As long as I remember I’ve been thinking too much. Makes me doubt on any decision I have to make. When I’m sure and someone brings out something else then it makes me question my decision and the circle starts all over again. I never saw it as a problem but now I do. I question about life, love and everything in general. Things that there’s no answer I keep tormenting myself to find one. It affects my love life as I always question my partner’s behaviors and actions and after spending all my time thinking I question my own feelings. I guess it doesn’t allow me to just be free and live the present moment. I will focus on anything that bothers me (even small things) and make it bigger and over analyze anything and everything. Got me wondering if I’m crazy and what’s wrong with me. Got me googleing the net for solutions and questioning myself and evrtyhing about me. It’s an never-ending cycle. Sometimes, I literally have to yell at myself and say “stop it, what good am I doing to me” and after I feel better until I restart. I feel like I don’t let myself to feel and question “how do I feel” and “how am I supposed to feel”. I feel like I don’t even know what I want, who I am, what do I enjoy and I have to keep looking and questioning. Basically, I am never sure !
I decided to consult.
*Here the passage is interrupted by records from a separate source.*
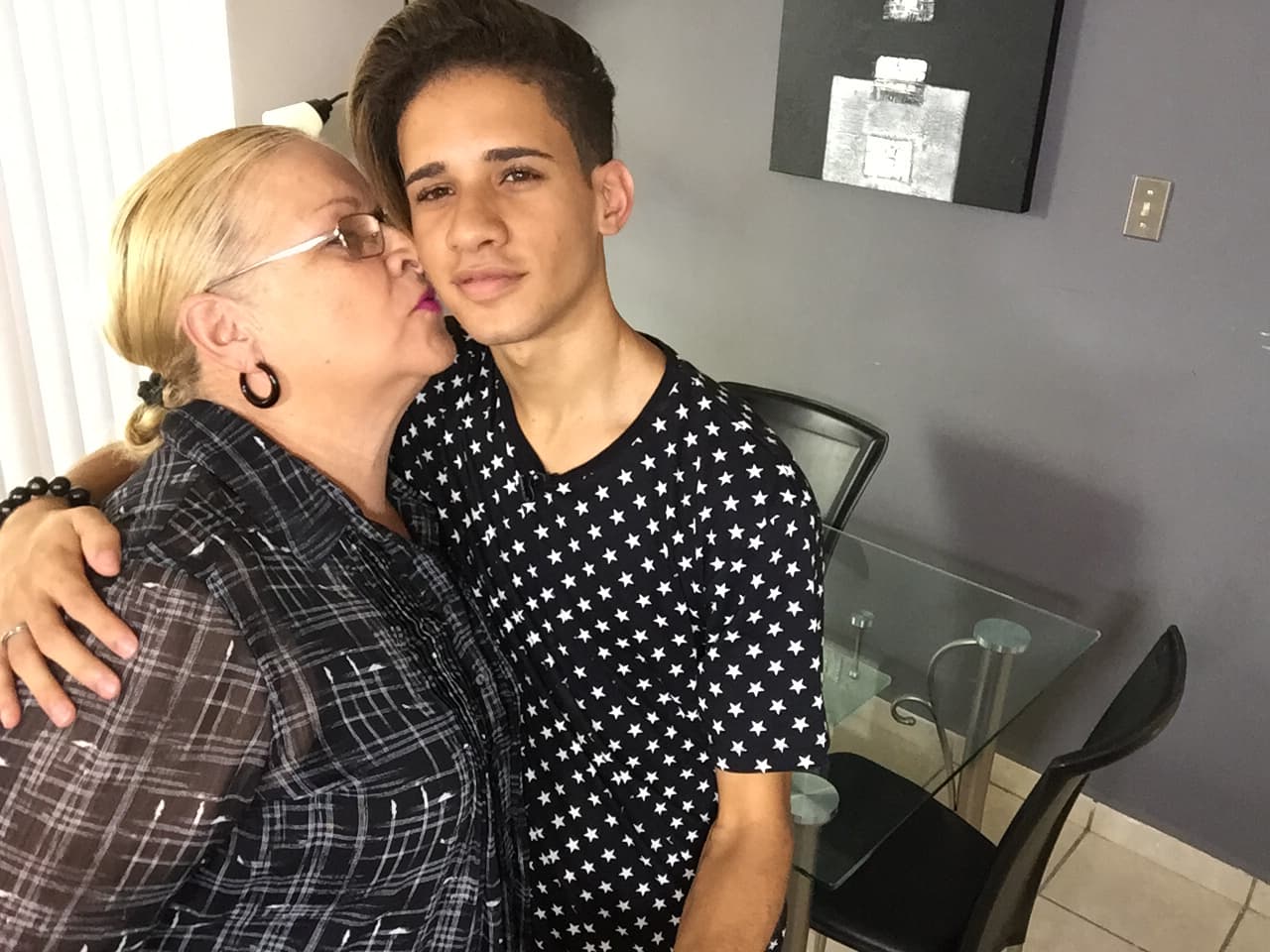 Nos colamos en la casa de Joshua and he let us in on a little secret: his mom is his number one fan.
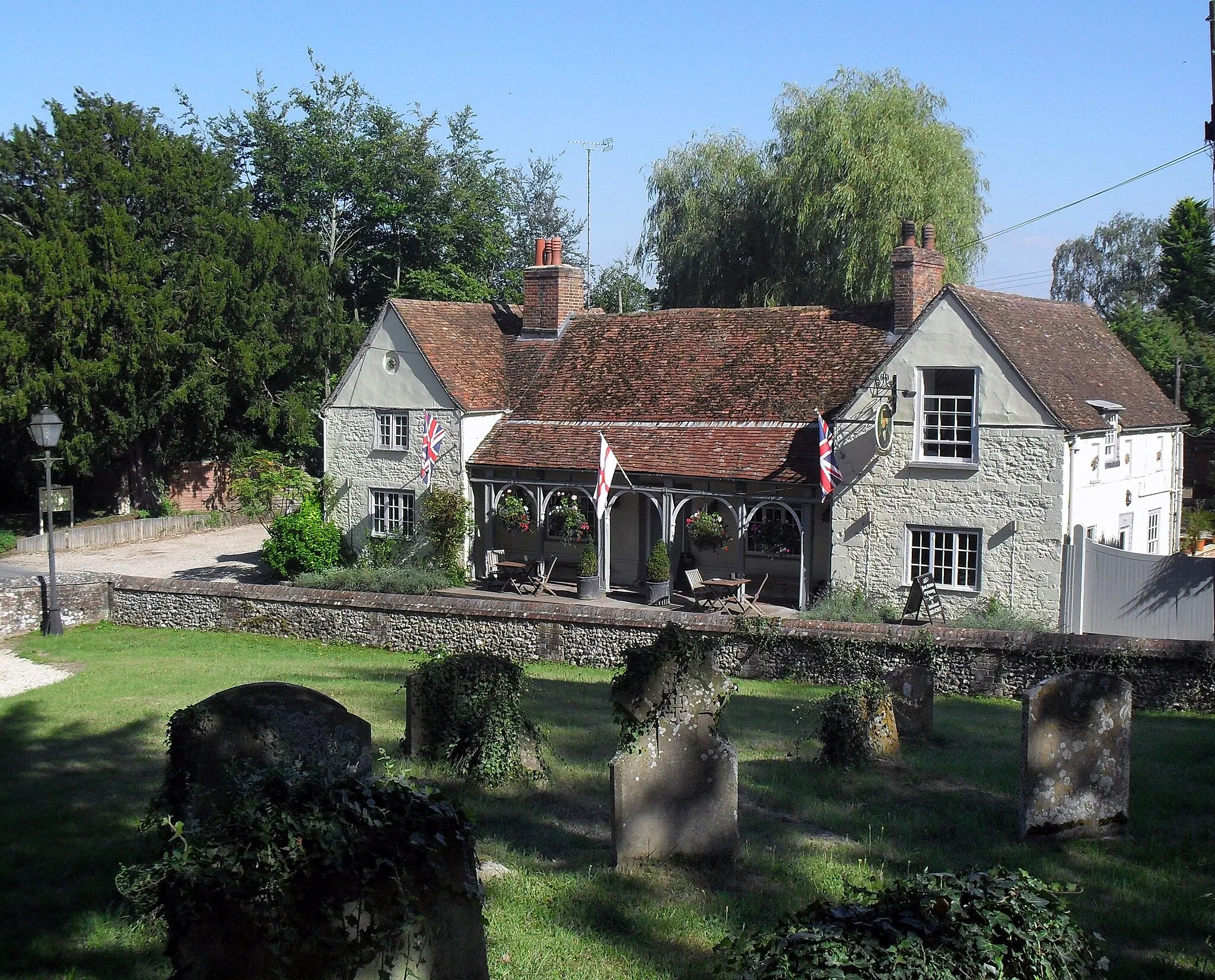 Photo showing: The Lord Nelson pub, Brightwell Baldwin, Oxfordshire, seen from the northwest from St Bartholomew's parish churchyard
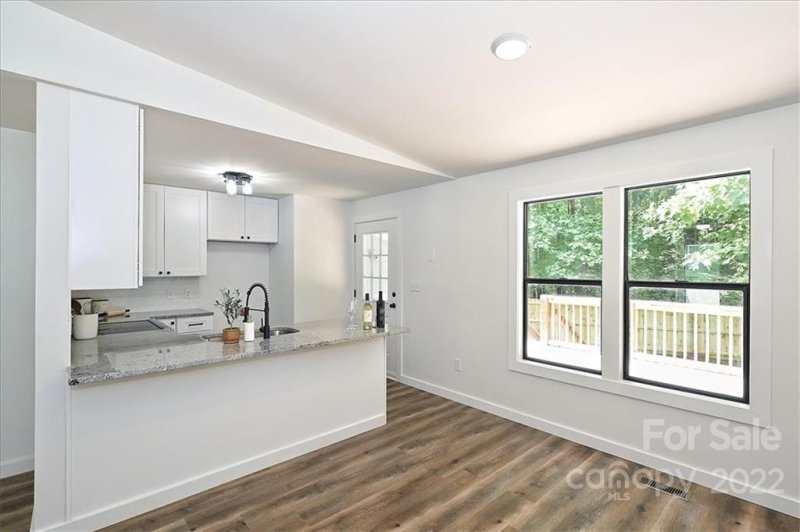 Property image 5 at 7925 Marin Drive, Charlotte, NC 28215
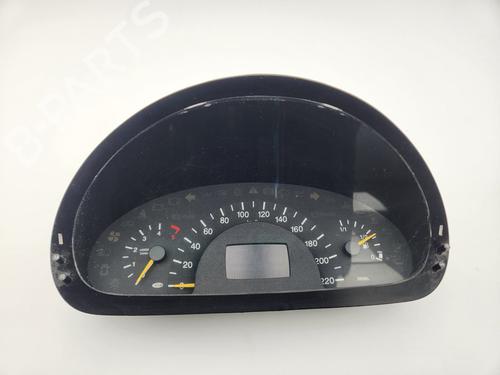 Used Instrument cluster Instrument cluster MERCEDES-BENZ VITO Bus (W639) 111 CDI (639.701, 639.703, 639.705) (109 hp) 34189062 34189062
As I need to live my life fully and be more confident and stop over-analyzing and worrying (what if this, what if that). I need to understand that there’s no solution to everything and that nothing is or will ever be perfect.
I hope that it will work. All i know is that the first step is to aknowledge that we have a problem and to find ways to get better.
Maybe it’s just a problem of self-confidence, maybe it’s just simple. Well, I’ve been over-analyzing what it could be for too long and now taking actions.
Going tonight for my first consult. I’ll keep you guys posted on my road to let myself be free.